Your task: Reproduce the full listing as it stands. Images do not belong in the copy.

Supplied records below:

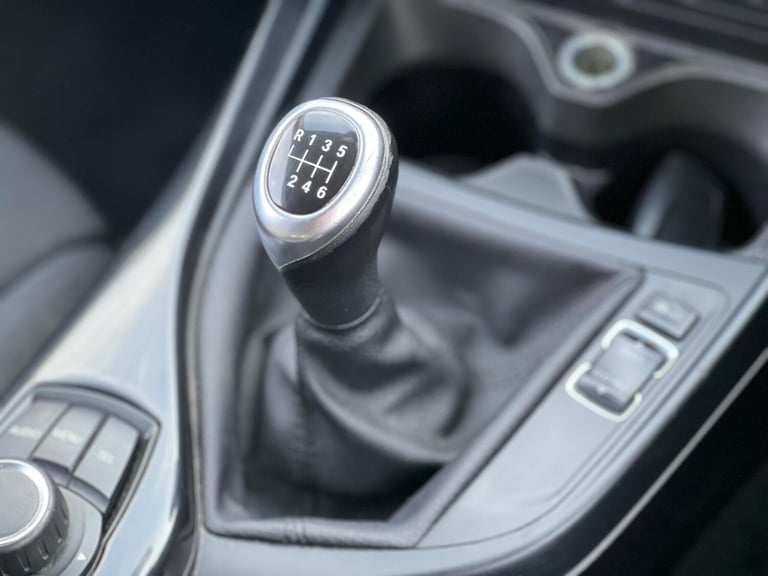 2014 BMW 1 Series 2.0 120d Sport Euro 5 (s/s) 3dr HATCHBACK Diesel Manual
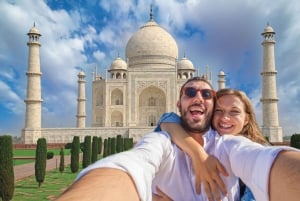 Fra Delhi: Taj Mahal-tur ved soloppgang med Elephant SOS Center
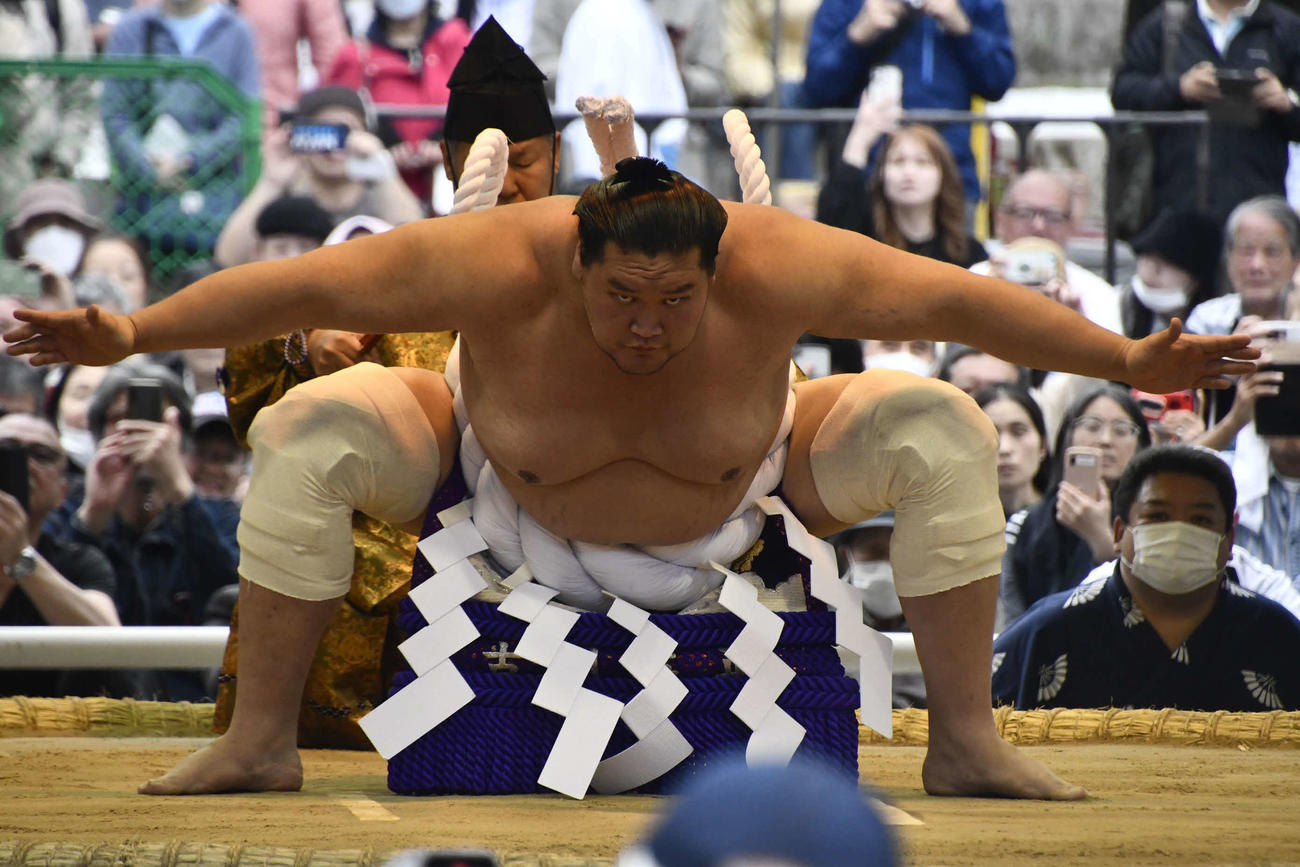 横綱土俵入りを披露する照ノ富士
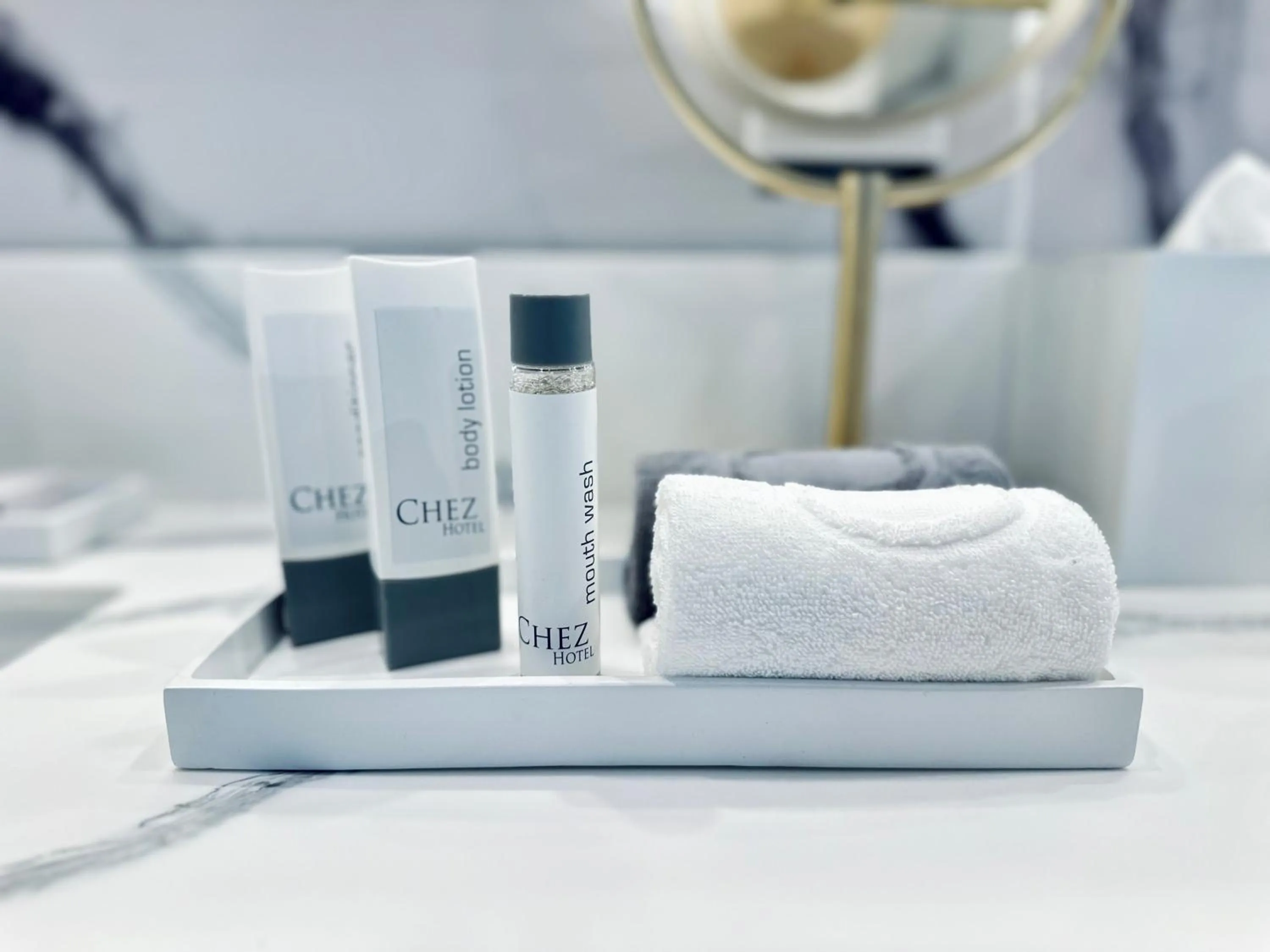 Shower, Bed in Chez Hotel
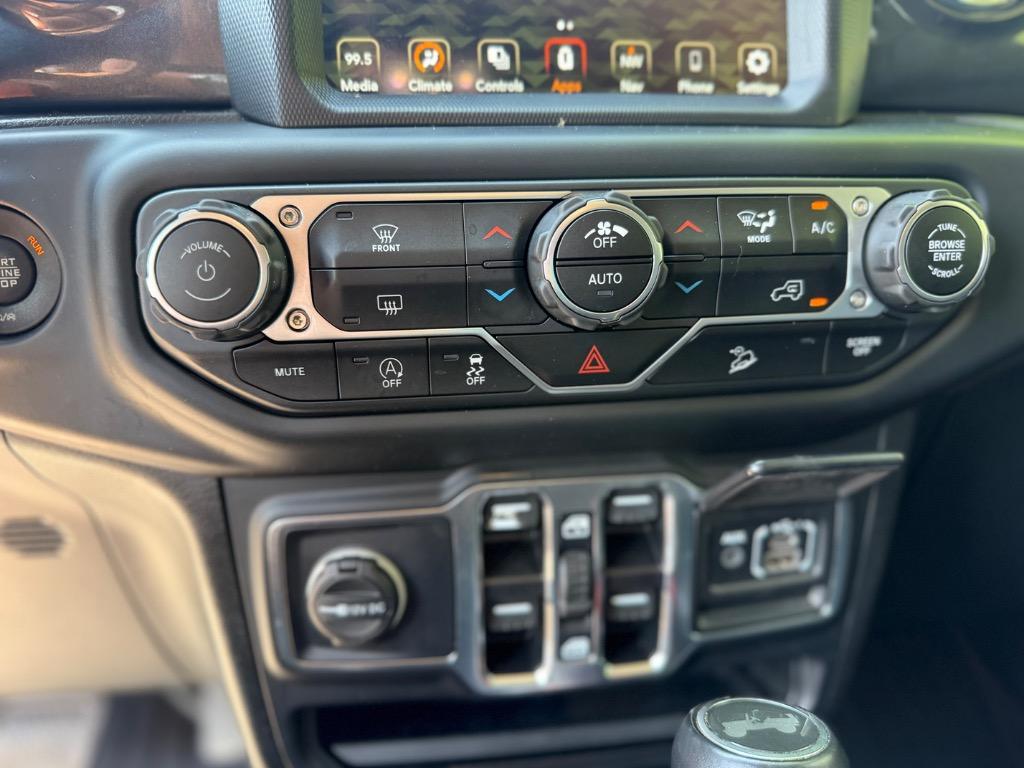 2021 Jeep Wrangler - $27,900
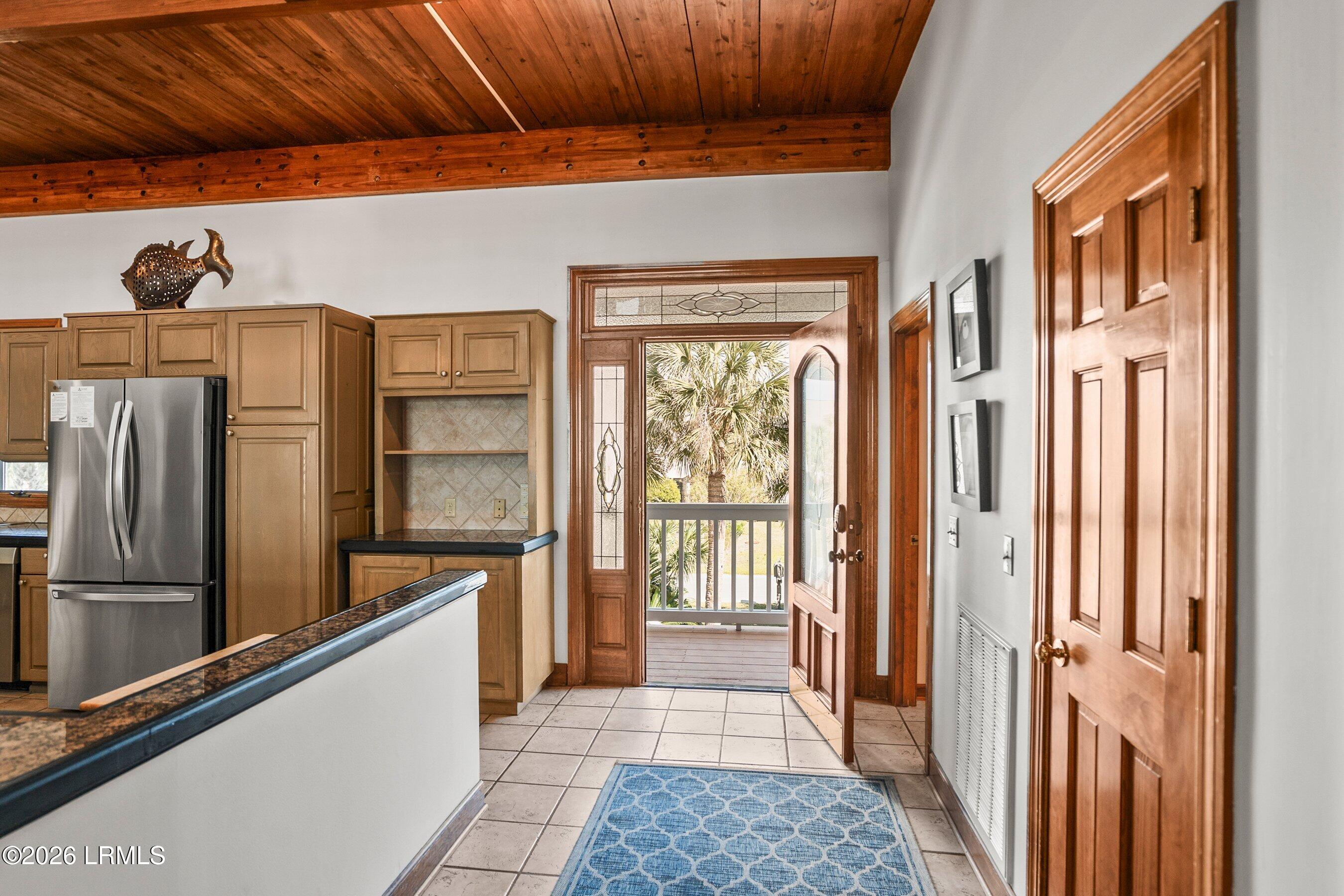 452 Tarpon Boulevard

End of Supplied records.

Exercise output:
 2014 BMW 1 Series 2.0 120d Sport Euro 5 (s/s) 3dr HATCHBACK Diesel Manual
 Fra Delhi: Taj Mahal-tur ved soloppgang med Elephant SOS Center
 横綱土俵入りを披露する照ノ富士
 Shower, Bed in Chez Hotel
 2021 Jeep Wrangler - $27,900
 452 Tarpon Boulevard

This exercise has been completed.